Blockchain technology is the mechanism of distributing digital information rather than centralizing it. The distribution is not copying and pasting the same information in different servers. It is like dividing a cluster of information into multiple pieces and sending each one of them to different servers or machines. Therefore, the processing of that information will be faster as every piece will be processed simultaneously. In a centralized system, the pieces of the information are processed serially. The blockchain is like making the transition from serial connection to parallel connection in layman’s term.

Initially, the blockchain mechanism was developed only for Bitcoin to work. But with time, banking and insurance companies are pouring in to use the same for their system. This is because it is highly secure relative to the current system in place. Besides, it is super fast, and that is what the users demand these days. In the current system, the users use the bank as a middleman for transactions with the suppliers. Using blockchain technology, the consumers can connect to the suppliers directly, and the third party can be eliminated which is both fast and safe.

Going Deep Into Blockchain Technology –

In blockchain, a decentralized database is maintained. It is referred to as the digital ledger. This keeps track of all the transactions happening in the network. This network is the chain of computers or servers that are approved and verified. Suppose A wants to send money to B. This transaction is referred to as a block. This block is broadcast to every computer in the network. These computers are responsible for approving and validating transactions. After validation, the block is added to the chain where all records of the transactions are presented transparently. Only after that, the money moves from A to B.

The validation process is tightly coupled, and it is driven by public and private key mechanism. The private key is the one that the account holders own. However, they should never give it out else the account can be taken over by anyone. When a transaction happens, the public key is given out with a digital signature. This digital signature is generated using the private key, and hence, it holds the key to the security of the transaction as well as the wallet. The nodes will then verify whether the transaction is legitimate without revealing the private key. There are a lot of algorithms involved in all of these that are still to be cracked. It undergoes a lot of encryption processes, and this is where the processing power is required.

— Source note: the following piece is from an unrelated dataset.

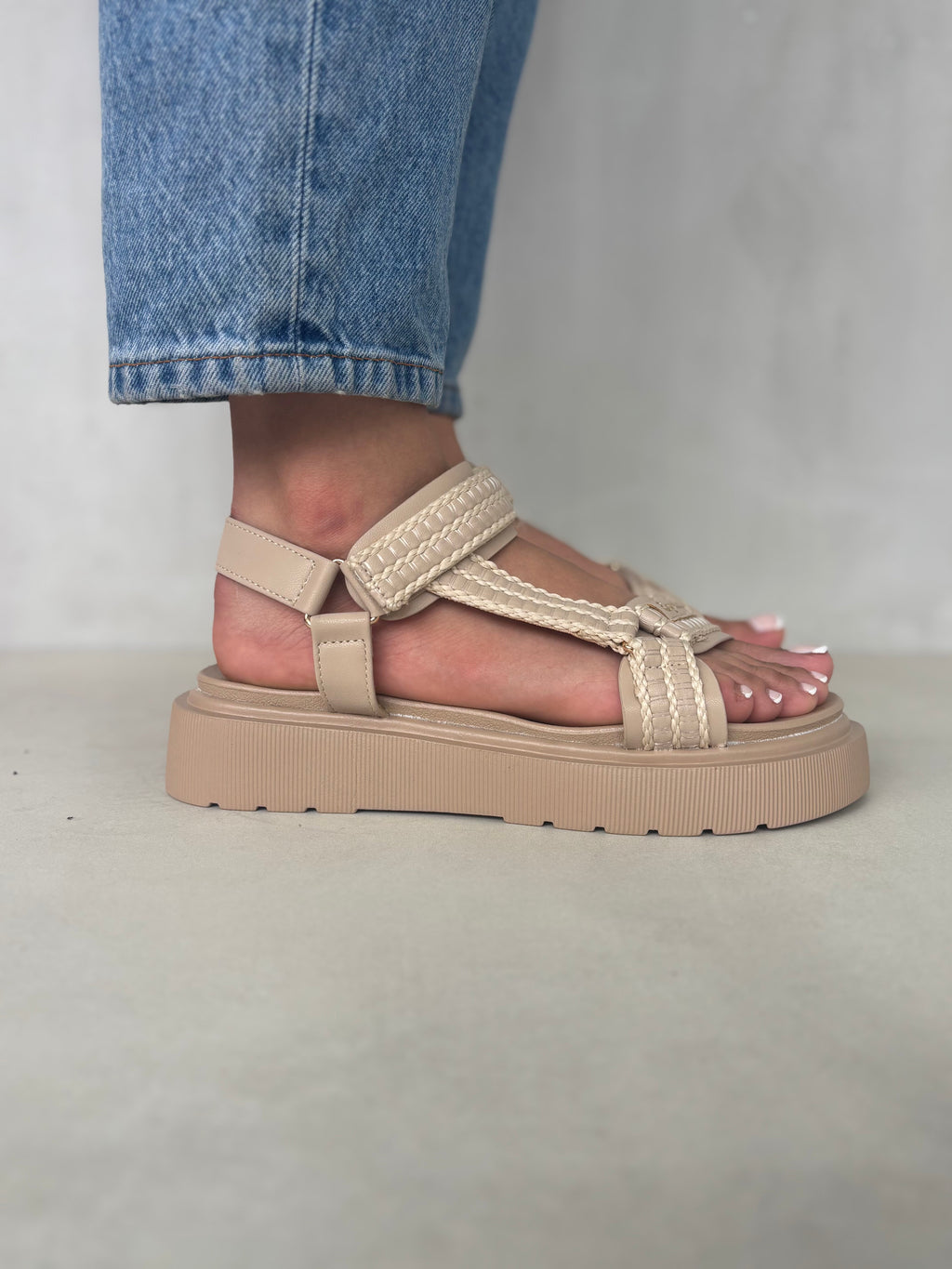 Sandalias Beige Plataforma 14277 Con Cierres Ajustables Ligera Y Moderna Para Todo El Dia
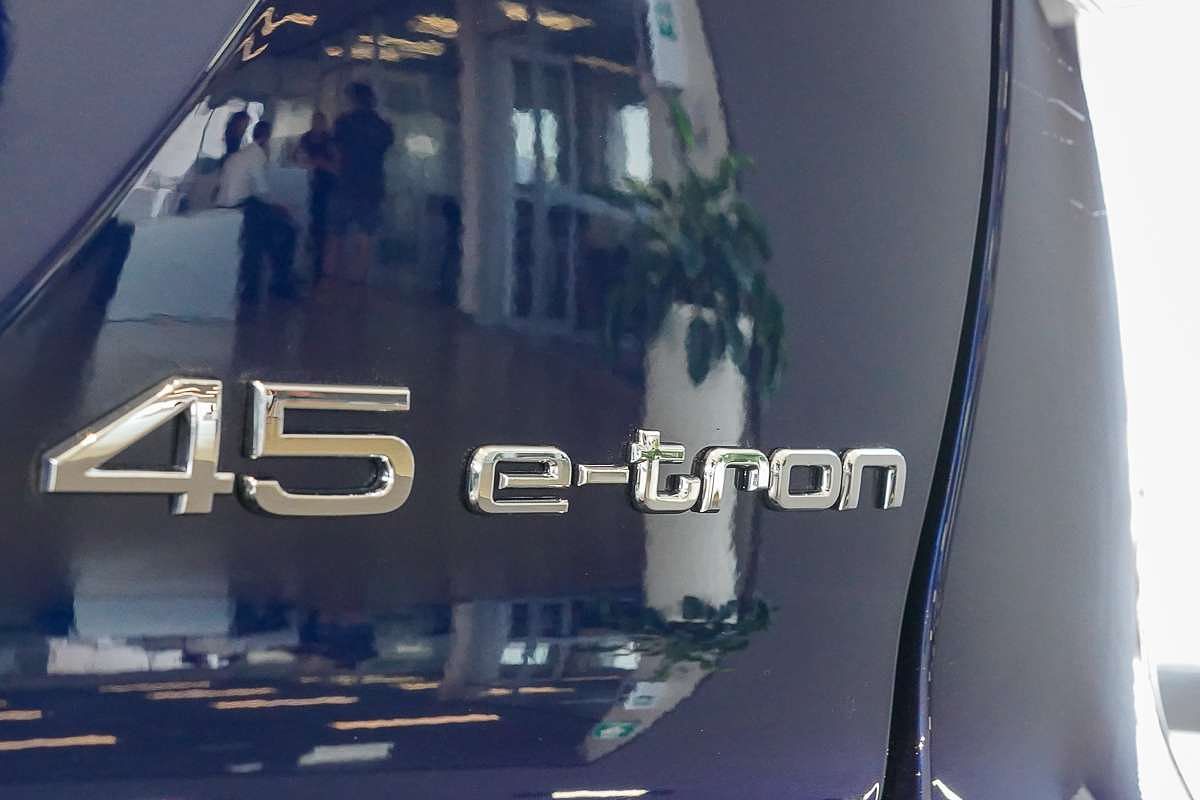 2024 Audi Q4 e-tron 45 F4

This is where the miners come into the play, and they get a small fee for verifying the payment. This fee varies accordingly to the number of transactions available. The higher the number, the higher will be the fee. The miners can also mine new Bitcoin and earn a lot in their passive time.

Wide Applications –

As it is basically a transaction based technology, it can be used almost everywhere. In the online world, every time can be considered as a deal or transaction. But for now, it is suitable for all monetary transaction as well as of goods and properties. Therefore, it is likely to take over the banking industry completely. It is more so because, in the current scenario, the bank is responsible for maintaining the central database where all the data are stored. They are also responsible for all the updating and modifications as per the transaction happening. Even if it is automated, there are certain things that always need to be manual. But this manual work takes a lot of time due to the hundreds of thousands of transactions are happened every minute.

With the distributed ledger, there will be a need for a lot of resources to verify the transactions manually or semi-manually. Therefore, the speed will increase. Moreover, there will be a lot of copies available and hence, hacking one database will not affect anything as they are a lot of back-ups available. Hacking will be effective only if every single node is manipulated together which is impossible because the nodes are spread across the world thanks to decentralization.